### [PROBLEM REQUIREMENTS]
In the listing beneath this line, copy exactly the lines starting with the one containing "Photo 3 - Bear" and going on through the one containing "Days Inn By".

### [SOURCE MATERIAL]
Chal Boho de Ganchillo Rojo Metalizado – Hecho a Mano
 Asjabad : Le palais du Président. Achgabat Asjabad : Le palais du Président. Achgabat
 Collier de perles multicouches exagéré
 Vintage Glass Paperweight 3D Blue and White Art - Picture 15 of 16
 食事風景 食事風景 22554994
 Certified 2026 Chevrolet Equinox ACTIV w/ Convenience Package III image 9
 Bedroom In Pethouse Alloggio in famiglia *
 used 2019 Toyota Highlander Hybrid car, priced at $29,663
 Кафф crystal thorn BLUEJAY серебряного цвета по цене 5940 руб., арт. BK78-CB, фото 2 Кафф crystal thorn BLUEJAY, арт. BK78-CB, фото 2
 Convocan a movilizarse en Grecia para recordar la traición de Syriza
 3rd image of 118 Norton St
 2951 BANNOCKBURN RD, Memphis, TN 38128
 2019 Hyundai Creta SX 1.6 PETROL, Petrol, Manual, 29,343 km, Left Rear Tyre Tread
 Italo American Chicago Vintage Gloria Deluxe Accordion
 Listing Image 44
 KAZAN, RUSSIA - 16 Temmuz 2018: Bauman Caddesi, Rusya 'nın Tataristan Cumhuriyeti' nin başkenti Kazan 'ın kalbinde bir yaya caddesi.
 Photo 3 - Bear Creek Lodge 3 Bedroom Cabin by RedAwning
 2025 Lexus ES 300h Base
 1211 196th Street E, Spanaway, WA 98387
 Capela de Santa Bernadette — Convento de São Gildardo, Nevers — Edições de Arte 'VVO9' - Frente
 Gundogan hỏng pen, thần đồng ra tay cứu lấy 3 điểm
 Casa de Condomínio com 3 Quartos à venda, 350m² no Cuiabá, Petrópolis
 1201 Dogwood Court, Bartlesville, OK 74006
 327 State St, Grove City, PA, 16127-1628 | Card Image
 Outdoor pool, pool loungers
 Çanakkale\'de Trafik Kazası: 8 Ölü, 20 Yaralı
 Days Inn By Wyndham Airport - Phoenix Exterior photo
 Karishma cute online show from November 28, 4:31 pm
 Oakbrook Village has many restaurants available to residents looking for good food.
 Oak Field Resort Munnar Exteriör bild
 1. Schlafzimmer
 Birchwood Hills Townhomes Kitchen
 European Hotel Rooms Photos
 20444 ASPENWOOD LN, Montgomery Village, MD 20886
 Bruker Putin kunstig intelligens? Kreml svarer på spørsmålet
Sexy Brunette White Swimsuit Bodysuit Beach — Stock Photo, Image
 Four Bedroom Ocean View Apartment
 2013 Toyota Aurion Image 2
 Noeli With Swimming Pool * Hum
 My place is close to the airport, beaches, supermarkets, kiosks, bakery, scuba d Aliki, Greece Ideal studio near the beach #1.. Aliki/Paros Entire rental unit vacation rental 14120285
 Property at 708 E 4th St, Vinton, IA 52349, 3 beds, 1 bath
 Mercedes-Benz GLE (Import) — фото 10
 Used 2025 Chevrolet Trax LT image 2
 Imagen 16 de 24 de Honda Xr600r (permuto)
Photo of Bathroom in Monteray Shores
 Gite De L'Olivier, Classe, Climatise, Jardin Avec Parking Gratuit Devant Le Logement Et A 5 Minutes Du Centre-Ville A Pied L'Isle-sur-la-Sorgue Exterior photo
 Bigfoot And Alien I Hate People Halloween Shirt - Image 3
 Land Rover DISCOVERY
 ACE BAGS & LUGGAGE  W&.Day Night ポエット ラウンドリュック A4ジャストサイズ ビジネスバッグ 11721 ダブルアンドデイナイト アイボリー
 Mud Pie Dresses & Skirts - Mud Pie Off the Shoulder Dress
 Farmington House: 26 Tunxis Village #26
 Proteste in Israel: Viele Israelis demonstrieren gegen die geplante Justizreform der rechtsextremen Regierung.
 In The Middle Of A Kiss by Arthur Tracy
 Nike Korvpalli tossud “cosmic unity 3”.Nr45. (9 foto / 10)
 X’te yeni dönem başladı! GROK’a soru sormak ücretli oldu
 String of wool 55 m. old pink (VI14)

### [TASK SOLUTION]
 Photo 3 - Bear Creek Lodge 3 Bedroom Cabin by RedAwning
 2025 Lexus ES 300h Base
 1211 196th Street E, Spanaway, WA 98387
 Capela de Santa Bernadette — Convento de São Gildardo, Nevers — Edições de Arte 'VVO9' - Frente
 Gundogan hỏng pen, thần đồng ra tay cứu lấy 3 điểm
 Casa de Condomínio com 3 Quartos à venda, 350m² no Cuiabá, Petrópolis
 1201 Dogwood Court, Bartlesville, OK 74006
 327 State St, Grove City, PA, 16127-1628 | Card Image
 Outdoor pool, pool loungers
 Çanakkale\'de Trafik Kazası: 8 Ölü, 20 Yaralı
 Days Inn By Wyndham Airport - Phoenix Exterior photo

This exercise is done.